Hopefully that was enough. Hopefully it wasn’t too weird.
A few minutes clicked by, Kimmy and I just watching some show she was into on Netflix, and my anxiety began to pour out through my hands and into a text message. I couldn’t seem to stop it.
Honestly I’m surprised you haven’t caught onto that now, I’m not exactly subtle.
His response was near immediate.
Well, I’m autistic, so I don’t really notice that kind of stuff.
I felt like everything around me had slowed to a crawl, as though time itself had suspended to let me process what I had just read. When I had learned about my own autism, it had been jokingly taking a test created for parents of potentially autistic children, with the intention of proving to Emma– also autistic– that I wasn’t on the spectrum. The score I’d gotten had been solidly over that supposed line: out of a possible total of thirty one, I’d gotten twenty-six. The minimum score, according to that website, had been fifteen. My therapist had calmly, quietly confirmed my findings, telling me that she’d already known, but thought that I had been diagnosed already. Mom had been quick to agree, in her usual “yeah I knew I just didn’t do anything about it” manner.
Excitement shot through me. I had tons of friends who were on the spectrum; I connected easily with them, loved finding similarities between us. Still, the monster of anxiety sliced through. Voices from people who had heard my excited diagnosis and cut it down filled my head. Memories of criticism, being told I was “technically self diagnosed,” that I “didn’t look autistic,” that I was too social, too “normal”–
I clammed up. Dakota didn’t need to know. It was a recent enough diagnosis anyway; I’d already learned how to pass as socially adept. I still hadn’t really gotten used to the diagnosis myself. I rarely told people, usually reserving it for people who were close to me.

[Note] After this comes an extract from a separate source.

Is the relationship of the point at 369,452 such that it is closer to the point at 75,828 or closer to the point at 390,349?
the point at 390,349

“He’s like me,” I said aloud, not realizing it.
I looked at Kimmy as though I’d completely forgotten she was there. “Ah– autistic. He’s autistic. LIke me.”
“Ah.” She nodded her understanding. “I suppose that explains some of his behaviour?”
“I guess so,” I said. “Honestly I’m shit at deciphering what’s ‘normal’ behaviour and what isn’t. His doesn’t scream autistic like some other people I know, but I can see it if I think back and look for it.”
“Would it explain his teasing and flirting with you?”
I shrugged. “I keep getting told I flirt more than I actually speak, so we could be similar in that way. I don’t really tease people if I don’t know them pretty well, like you. I can tease you and not worry that you’ll misinterpret my meaning.”
Kimmy patted my arm. “You take everything so literally. It’s a wonder you haven’t already boned this guy.”
Frowning, I just stared at her. “I mean, the constant switch between teasing me and flirting with me doesn’t exactly read as an invitation to suck his dick.”
“Is that what you want to do?”
I hadn’t honestly thought about it. “I guess. He’s really attractive, Kimmy. He can dance. He can sing.” Thinking back, I winced. “I definitely asked him if he sings. He’s in a fucking musical. My god, I’m stupid.”
“Hey hey,” Kimmy said, tugging on my sleeve. “He’s a dancer, half of those guys onstage who dance are lip syncing and you know it. It was a valid question.”
“You have a point. Anyway, I don’t know. I’d love to have nasty rebound sex with him. Maybe that would be enough? I’d like to be his friend, spend time being a friend, and yeah, maybe bone him into the ground.”
“Do you want a relationship with him?”
“Damn it, why do you have to ask the hard questions?” I sulked as I thought about it. She had a damn good point. “I… I don’t know. I don’t want any romantic feelings for him to spawn from whatever void Jay left.”
“I think we can both agree that there’s not much of a void in your heart so much as a lack of regular sex.” Kimmy smirked at me, and I burst out giggling.
“Accurate. I didn’t love him, not really. I feel badly. But Dakota doesn’t deserve that kind of treatment, he’s not a sex toy, he has feelings of his own, and I don’t want to just use him and then realize I don’t have any feelings and then move on.”
“You need to keep that in mind if anything moves forward,” she warned me. I nodded. “Go ahead, talk to him some, get to know him, find out where he stands if you can. Good luck.” She wrapped me up in a hug, and I took her advice.